Als een spraakwaterval vervolgt ze haar verhaal: “Onrechtvaardigheid heeft mij altijd al geraakt. Thuis sprak ik altijd over Palestina. In april van dit jaar zei ons mama tegen mij, op mijn verjaardag: ‘Je bent nu al jaren over Palestina bezig, deze zomer ga je er naartoe!'”
“Op de dag van mijn verjaardag stuurde ze me een mail met gegevens over vrijwilligerswerk in een vluchtelingenkamp in Nablus.”
Vluchtelingenkamp
Drie maanden later zat deze activiste uit de Scheldestad daadwerkelijk in Palestina. Gedurende twee weken werkte ze als kinderanimator in een Palestijns vluchtelingenkamp. Ook trok Claessen gedurende vier weken rond in Palestijns gebied.
Daar zag ze dingen die alle verbeelding tartten: “Toen we met een internationale groep door Hebron wandelden, werden we achterna geschreeuwd door een groep woedende Joodse kolonisten. Ze brulden naar ons.”
Sterke vrouwen
Gedurende die zes weken sprak Claessen met heel wat mensen. “Veel mensen zeiden tegen mij: ‘Wij willen dat de muur weggaat.’ Ze hebben dromen en willen vooruit. Wist je al dat de meeste Palestijnse jongeren naar de universiteit gaan? En zij die dat niet kunnen, hebben vanuit Gaza videoconferenties met de universiteit van Nablus.”
Deze jonge reiziger verbaasde zich ook over de Palestijnse vrouwen: “In Palestina leven de meest geëmancipeerde vrouwen van het Midden-Oosten.
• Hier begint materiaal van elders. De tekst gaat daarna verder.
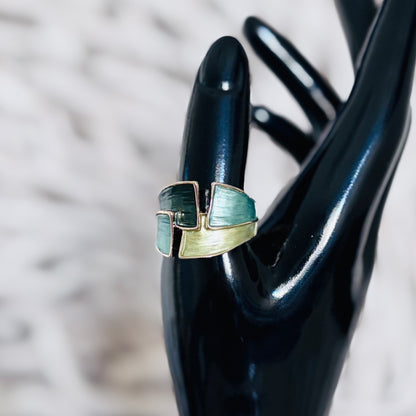 Bold Geometric Color-Block Ring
In Palestina zegt men: ‘Als een man zijn huis verliest, dan gaat hij voor de resten van zijn huis zitten – in zak en as. Maar als een vrouw haar huis verliest, dan pakt ze meteen de draad op en gaat ze de pamper van de kleinste vervangen en voor het eten zorgen…'”
Misvattingen
Na deze Palestinareis kwam Claessen tot de conclusie dat ze met een genuanceerder beeld over de Palestijnse kwestie thuiskwam. “Er zijn in België zo veel misvattingen over deze zaak. Het zijn de media die deze misvattingen maken.”
“Ik leerde ook de grote verscheidenheid van bewoners kennen: Soennieten, Sjiieten, Druzen, Christenen, Alawieten en Armeniërs. Wat horen wij hierover? In Palestina is er niet enkel oorlog en ellende. Maar er wordt wel een volk verdreven.”
Oplossingen
“Een oplossing voor het conflict ken ik niet, maar een afzonderlijke Palestijnse en een afzonderlijke Israëlische staat zijn praktisch onmogelijk. Er zijn nu eenmaal te veel Israëlische nederzettingen in het Palestijnse gebied. Misschien dat ze op één of andere manier samen, in vrijheid en met respect voor elkaar, één zelfde natie moeten blijven delen.”
“Ach”, zo besluit Carmen, “overal heb je wel extremisten en fanatici. Helaas heb je ook veel extremisten die hun wapens gebruiken om hun zin te krijgen. Ik zeg gewoon: trekt uw klep open, niet uw wapens. Dan bereik je veel meer.”